I imagine these kind of schemes can be implemented as sort of on device eBPF filter (in layman terms CUDA, but for storage). It would allow deeper integration with system for example have hardware accelerated/integrated lvm (obviously speed would depend on use case, less win for thin volumes, more advantages for raid and so on). Or from other side have deeper integration with filesystems such as zfs, btrfs, bcachefs.
We tried to standardize exactly this - eBPF programs offloaded onto the device. The NVMe standard now has a lot of infrastructure for this standardized, including commands to discover device memory topology, transfer to/from that memory, and discover and upload programs. But one of the blockers is that eBPF isn't itself standardized. The other blockers are vendors ready and willing to build these devices and customers ready to buy them in volume. The extra compute ability will introduce some extra cost.
> The NVMe standard now has a lot of infrastructure for this standardized, including commands to discover device memory topology, transfer to/from that memory, and discover and upload programs.
On the other hand, Windows and Linux still cannot just upgrade the vast majority of firmwares on NVMe devices, least of all consumer ones, despite being completely and utterly standardized.
I think i remember upgrading the nvme disk firmware in work dell laptop (dell latitude 7390) from 2019 using fwupd some years ago (not more than 3 years ago).
Also i think i remember fixing (upgrading?) the firmware on a crucial ssd like 5 or 6 years ago using some live linux system (downloaded off the crucial website i think?)

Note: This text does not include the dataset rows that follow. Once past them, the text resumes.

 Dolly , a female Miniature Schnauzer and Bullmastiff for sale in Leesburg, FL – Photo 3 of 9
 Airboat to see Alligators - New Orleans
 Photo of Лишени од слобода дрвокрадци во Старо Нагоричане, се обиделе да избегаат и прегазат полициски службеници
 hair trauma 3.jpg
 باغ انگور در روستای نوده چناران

Not sure about windows, but linux is getting incredibly better at this.
The eBPF programs are strictly bounded. And they're scoped to their own memory that you have to pre-load from the actual storage with separate commands issued from the CPU (presumably from the kernel driver which is doing access control checks). It's no different than uploading a shader to a GPU. You can burn resources but that's about the extent of the damage you can cause.

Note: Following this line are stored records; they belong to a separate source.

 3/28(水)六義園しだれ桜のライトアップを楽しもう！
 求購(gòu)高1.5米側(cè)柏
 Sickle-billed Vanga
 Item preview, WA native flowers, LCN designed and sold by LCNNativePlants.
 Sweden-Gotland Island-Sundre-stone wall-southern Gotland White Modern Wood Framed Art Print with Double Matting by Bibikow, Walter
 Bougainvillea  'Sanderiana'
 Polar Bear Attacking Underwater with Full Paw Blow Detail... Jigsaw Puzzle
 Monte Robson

I wouldn't want random applications (or web pages) to be able to load eBPF modules in the same way they can send shaders to a GPU through a graphics driver.
What I don't get is that RAID5 is a simple xor. It should be a trivial operation, that would be equally trivial to hardware accelerate.
What I am the most puzzled by is how parity (i.e. RAID5) is so bad in windows storage space. A modern CPU should be able to xor data at several gigabytes per second. And it seems that even by optimizing the block sizes, windows storage space parity caps at a couple hundred MB/s.